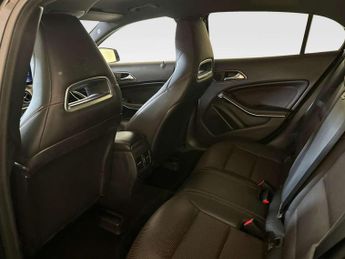 Mercedes-Benz GLA 2.1 GLA220d AMG Line (Premium) SUV 5dr Diesel 7G-DCT 4MATIC Euro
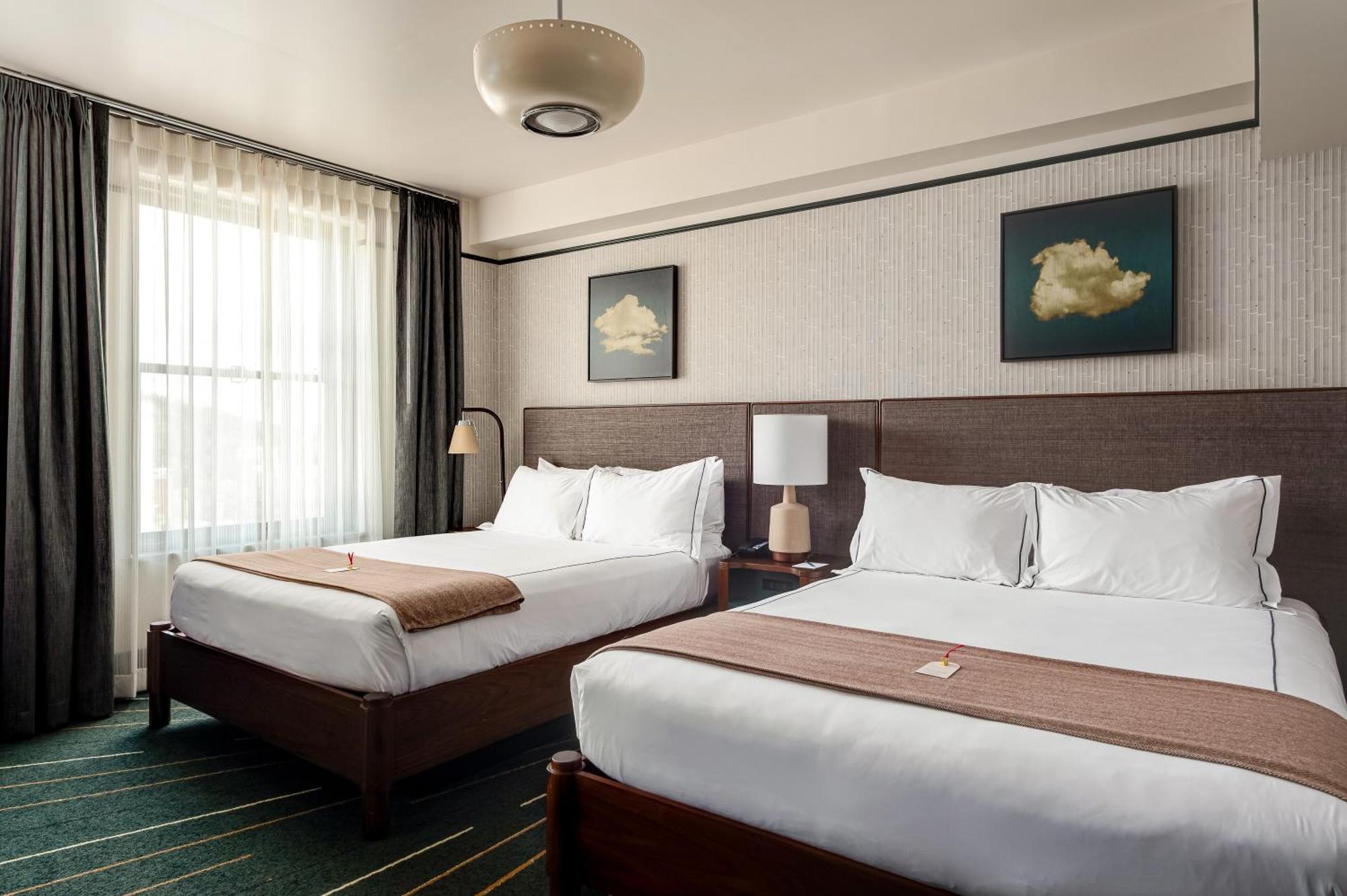 The Flat Iron Hotel 애쉬빌 외부 사진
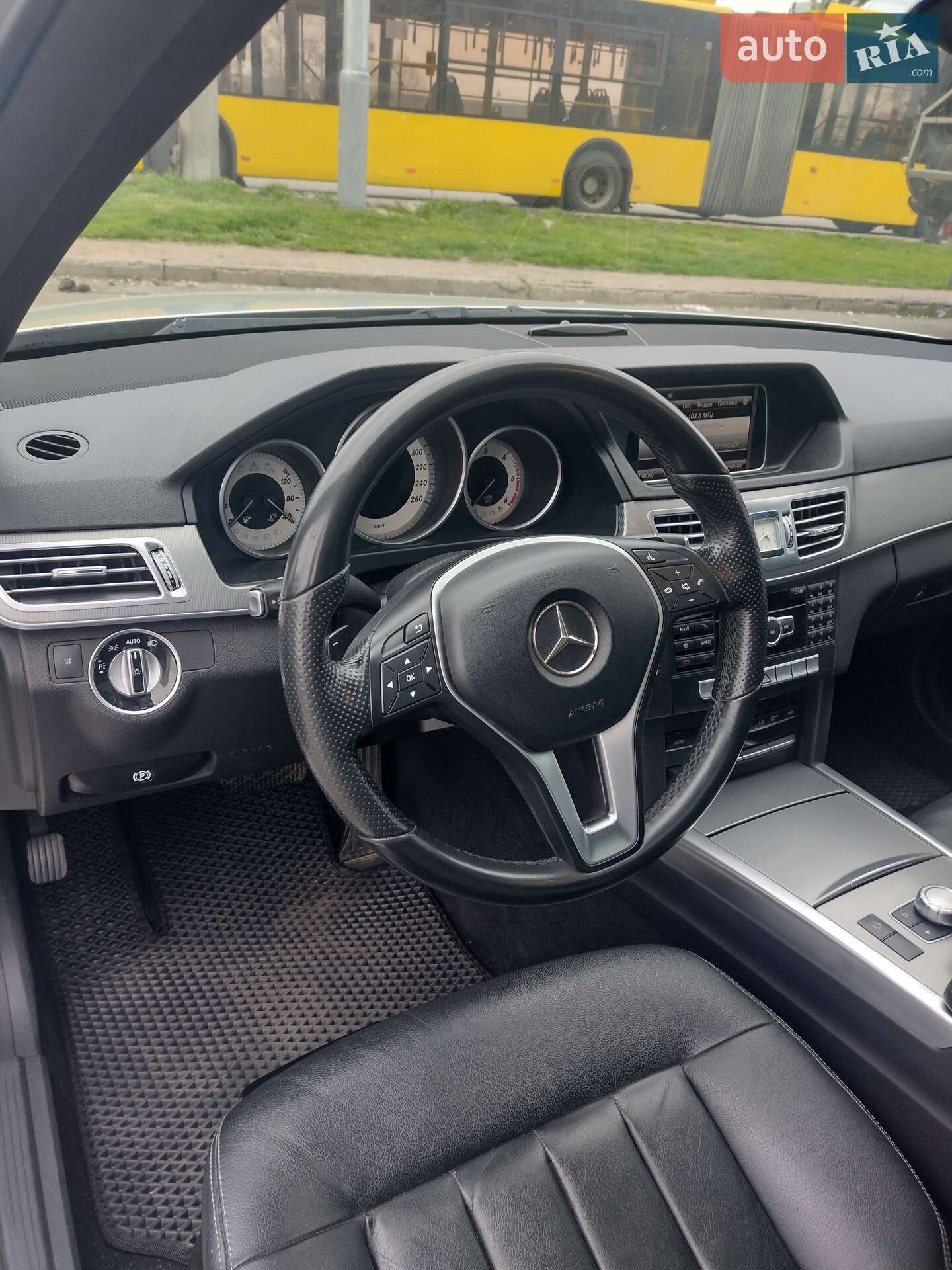 Mercedes-Benz E-Class 2014 VIN WDD2120971B124073 фото оголошення 3 з 12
+ + + + + + +
** What you need to do **
Return the material above in exact form. Pictures stay out.

** Answer to the exercise **
 Mercedes-Benz GLA 2.1 GLA220d AMG Line (Premium) SUV 5dr Diesel 7G-DCT 4MATIC Euro
 The Flat Iron Hotel 애쉬빌 외부 사진
 Mercedes-Benz E-Class 2014 VIN WDD2120971B124073 фото оголошення 3 з 12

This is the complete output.